Banks act carefully amid uncertainties

08:00 | 23/07/2020
As the global health crisis continues to inflict hardship on every sector, both international and domestic banks are becoming more risk averse in order to keep their businesses afloat, while trying to get rid of bad loans.
1501p23 banks act carefully amid uncertainties
It is expected that most banks will follow a more prudent strategy this year, while aiming to accelerate next year. Photo Le Toan

The domestic economy showed significant signs of recovery, spurring higher demand for loans and higher growth in credit of lenders. Banks are also reducing their lending rates despite impacts on profits from their bread-and-butter lending activities.

Notwithstanding, each lender has their own lending appetite. Tran Thang Long, head of research at BIDV Securities told VIR, “In our opinion, banks would change the risk appetite to become more risk averse, and they would focus on increasing non-interest income which is the main growth factor for banks in the near future.” Long also brought up examples of state-owned banks slashing their credit exposure to the market and focusing on providing loans to their existing customers.

However, some banks have taken advantage of this unprecedented crisis to expand market share and deepen their foothold. Some lenders might seek more risk such as VPBank and MSB with their credit growth of 12 per cent.

VietinBank, for example, vows to create favourable conditions to assist clients, but not by easing lending standards.

“The early economic recovery also boosts massive opportunities for Vietnam to welcome multinational relocations and become a global manufacturing hub,” a representative of VietinBank told VIR. “Thus, we would place our focus on providing credit for essential sectors. There is a significant untapped potential for VietinBank to further accelerate global relocation by offering top-notch services to lure more high-quality foreign funds.”

Trinh Bang Vu, head of the Retail Business Division at Shinhan Bank Vietnam, noted the South Korean lender would continue to specialise in offering preferential lending rates for customers in need of home loans, car loans, or consumer loans.

“We always think and act with customers in mind with integrity and trust. For instance, home lending rates offered by Shinhan Bank are now deemed to be the most competitive on the market, while those for personal loans are only 1.16 per cent per month,” said Vu.

Private lender ACB, on the other hand, has enjoyed a high loan yield since it has given particular attention on retail banking and individual lending services.

However, the race among diversified retail banking products and services for small- and medium-sized enterprises is heating up as more competition enters, possibly placing a lower profit ceiling.

Nevertheless, Techcombank seems to be more conservative in selecting its customers. Bank chairman Ho Hung Anh emphasised that Techcombank only focuses on groups with high incomes and good repayment ability. For instance, Sun Group and Vingroup made up for a total 70 per cent market share, thus, the bank has chosen them as major customers in the resort segment.

The impact of COVID-19 on the bank has not been significant since the creditor does not have many customers belonging to severely affected sectors like aviation, textiles, and tourism. The customers of such sectors are recovering, except for Vietnam Airlines, Hung Anh noted.

In case of Vietcombank, the state-owned lender expects to increase its proportion of fee income and broaden its deposit base to include more retail clients. Most importantly, the bank expects its fees to improve after signing an exclusive bancassurance agreement with insurer FWD Group, with upfront fees the highest paid to any bank in Vietnam.

Vietnam International Bank (VIB) is slated to achieve a higher-than-average loan growth in the upcoming time, since the bank credit growth is driven by car loans.

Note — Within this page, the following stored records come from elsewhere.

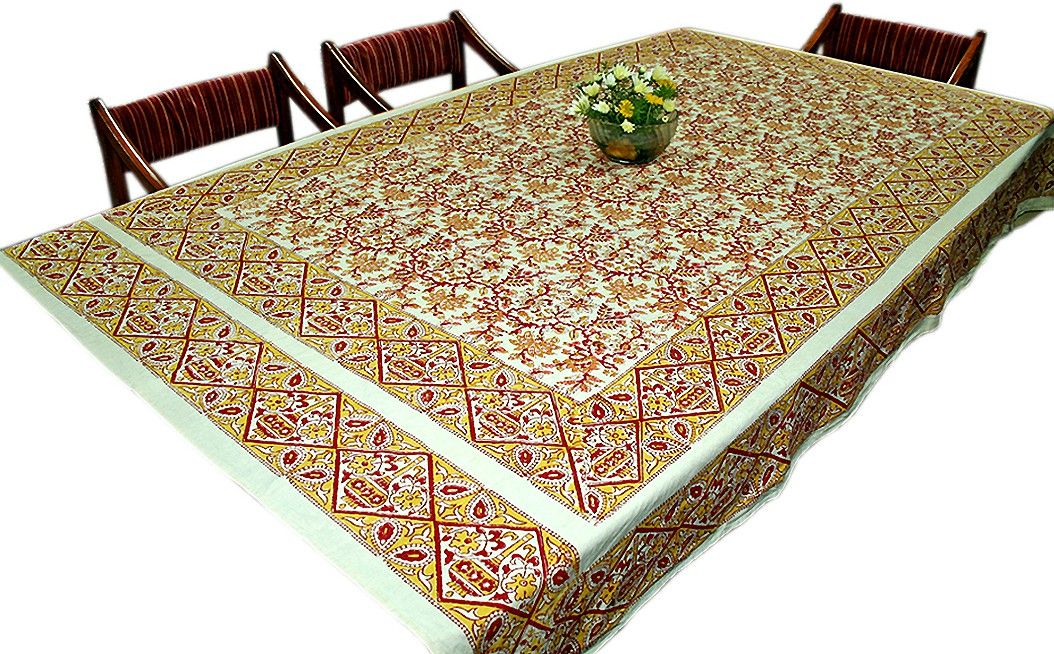 62% OFF on Sriam Floral 6 Seater Table Cover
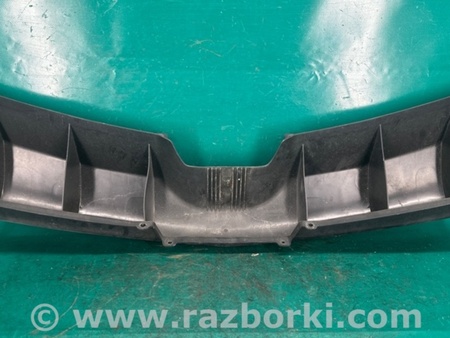 ФОТО Кронштейн решетки радиатора для Mazda CX-9 TB (2007-2016) Киев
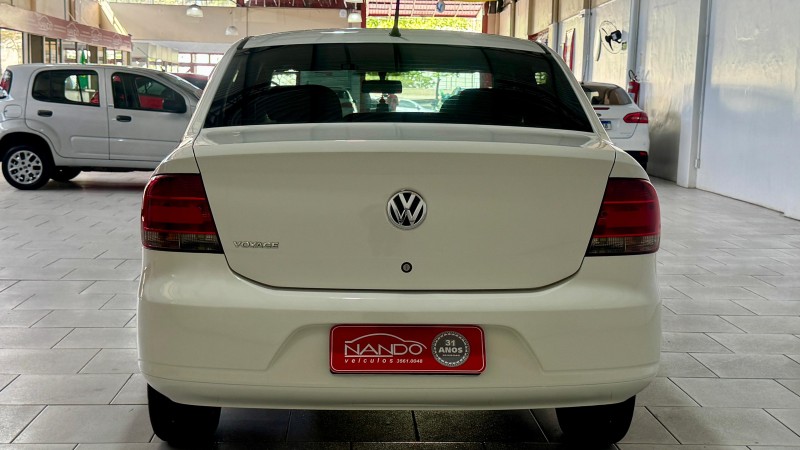 VOYAGE 1.0 MI CITY 8V FLEX 4P MANUAL - 2011 - ESTâNCIA VELHA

Besides that, the Vietnamese government has decided to cut 50 per cent of registration fees for locally-manufactured and assembled cars till the end of this year. The reduction is aimed to help local businesses recover production and trade as well as stimulating consumption of cars, thus also paving the way for VIB lending activities.

Military Bank (MB), meanwhile, would lay stress on Mcredit – its consumer finance subsidiary – as an important profit centre for the bank. MB also plans to upgrade infrastructure and operations to better align the subsidiary with the bank’s risk appetite.

Nguyen Thi Thanh Huyen, financial analyst at KB Securities, believed that most banks currently are being more conservative with their credit activities which can be seen in the lower targeted annual credit growth for 2020 as presented at its in annual shareholders’ meeting.

“For the remainder of 2020, we expect that banks would maintain a prudent mindset in their loan activities in order to monitor their asset quality to avoid any unexpected consequences in the future,” said Huyen. “However, in 2021, if Vietnam avoids another wave of COVID-19 and the situation eases globally, banks could return to pre-pandemic levels or slightly lean forward in risk-taking to compensate for a gloomy 2020 performance.”